A few people on the home-barista forums have attempted to encapsulate the important points of Hoos’s book in a very succinct and simple fashion. I find this very useful as I think Rob’s many references to the myriad compounds of chemical reaction drawn from the vocabulary of physics and chemistry tend to obscure the basics of what us home roasters need to know to have more control over our roasting. I’m not against learning the physics and chemistry behind the roast but I doubt that a book about modulating the flavor of coffee through roast profiles is the place to take it on. Furthermore, I’m not sure that Hoos is the best person to do it. Here I’m quoting a distillation of Rob Hoos’s book and Rob’s reply to that attempt:
From Keno http://www.home-barista.com/home-roasting/one-roasters-manifesto-coffee-roasting-book-t34821-10.html
The gist of [it] can be summed up, I think, fairly simply (like Rao’s book in terms of his three commandments) in the following two principles:
- Longer ramp time from yellow to FC (or MAI time as Hoos calls it) promotes body and complexity
- Development is a balancing act, too little development leads to bitter and vegetal flavors, while too much development time leads to bland flavor with low acidity
There are a few other points that are elaborated on but these are the two that seem to be firmly based on his roasting experiments and cupping tests in which MAI time and development time are varied with a few different coffees.

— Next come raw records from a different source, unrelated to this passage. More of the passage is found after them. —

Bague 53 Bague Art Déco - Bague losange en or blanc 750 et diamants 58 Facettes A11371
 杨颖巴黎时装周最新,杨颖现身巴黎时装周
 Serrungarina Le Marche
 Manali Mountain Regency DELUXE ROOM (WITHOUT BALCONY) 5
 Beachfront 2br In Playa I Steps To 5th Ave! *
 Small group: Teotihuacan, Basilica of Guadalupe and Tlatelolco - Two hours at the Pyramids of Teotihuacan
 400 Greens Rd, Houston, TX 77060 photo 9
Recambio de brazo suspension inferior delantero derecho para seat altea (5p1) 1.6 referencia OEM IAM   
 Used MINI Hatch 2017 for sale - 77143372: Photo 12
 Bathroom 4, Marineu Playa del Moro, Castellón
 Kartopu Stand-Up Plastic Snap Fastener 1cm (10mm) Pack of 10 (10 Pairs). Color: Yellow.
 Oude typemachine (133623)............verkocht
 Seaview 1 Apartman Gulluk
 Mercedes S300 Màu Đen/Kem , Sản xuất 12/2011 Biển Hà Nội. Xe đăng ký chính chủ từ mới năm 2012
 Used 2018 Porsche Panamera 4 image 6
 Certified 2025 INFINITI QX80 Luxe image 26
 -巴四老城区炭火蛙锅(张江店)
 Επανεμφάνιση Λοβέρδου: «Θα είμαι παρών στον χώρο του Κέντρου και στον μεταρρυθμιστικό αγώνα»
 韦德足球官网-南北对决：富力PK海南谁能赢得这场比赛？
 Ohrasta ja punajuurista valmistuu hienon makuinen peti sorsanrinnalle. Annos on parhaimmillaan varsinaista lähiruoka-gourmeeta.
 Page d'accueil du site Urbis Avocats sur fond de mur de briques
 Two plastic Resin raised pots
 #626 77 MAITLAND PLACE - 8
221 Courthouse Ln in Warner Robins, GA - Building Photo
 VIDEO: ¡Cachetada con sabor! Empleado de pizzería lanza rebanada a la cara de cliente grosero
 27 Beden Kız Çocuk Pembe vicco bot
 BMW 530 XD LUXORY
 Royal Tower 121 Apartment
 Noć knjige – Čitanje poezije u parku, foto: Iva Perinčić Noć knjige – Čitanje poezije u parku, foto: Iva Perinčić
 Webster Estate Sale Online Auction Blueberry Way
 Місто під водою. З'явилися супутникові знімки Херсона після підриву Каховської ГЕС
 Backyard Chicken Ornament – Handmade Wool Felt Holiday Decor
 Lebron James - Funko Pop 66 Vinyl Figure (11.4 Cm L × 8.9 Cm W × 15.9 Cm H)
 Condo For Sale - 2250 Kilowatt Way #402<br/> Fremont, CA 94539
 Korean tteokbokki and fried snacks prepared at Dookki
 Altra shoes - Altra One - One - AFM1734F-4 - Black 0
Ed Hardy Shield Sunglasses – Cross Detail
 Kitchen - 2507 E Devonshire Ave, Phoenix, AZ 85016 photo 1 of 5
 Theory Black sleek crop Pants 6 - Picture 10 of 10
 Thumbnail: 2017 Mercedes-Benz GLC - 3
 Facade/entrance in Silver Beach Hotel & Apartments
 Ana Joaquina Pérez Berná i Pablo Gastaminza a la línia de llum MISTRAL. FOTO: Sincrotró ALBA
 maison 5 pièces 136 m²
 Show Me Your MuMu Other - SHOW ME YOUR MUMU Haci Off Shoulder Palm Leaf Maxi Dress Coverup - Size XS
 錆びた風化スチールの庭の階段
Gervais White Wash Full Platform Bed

“Your summary of the book is a decent one. My largest goal in developing the book was to try and break down the roast into measurable segments that could be independently affected and adapted to create nuanced (and sometimes blatant) differences in the way the coffee tasted. When going through this process I basically ended up with 5 zones of control that I could change relatively independently in order to dial a coffee in to the flavor profile I was hoping to get. 1.) Time from the beginning of roast to the beginning of chemical reaction (ie color change), 2.) From the beginning of chemical reaction to the beginning of first crack, 3.) From the beginning of first crack to the end of the roast, 4.) The entire length of the roast, 5.) The degree of caramelization and pyrolysis. Then (through research and experimentation) I determined how changing those one way or another (as independently as possible) affected the cup. The ramp from yellow to fc, and the time from fc to drop were documented with specific experiments, and the others are referred to through less experiments (though they are pooled from my roasting and cupping experiences as well, just not documented in the same way).”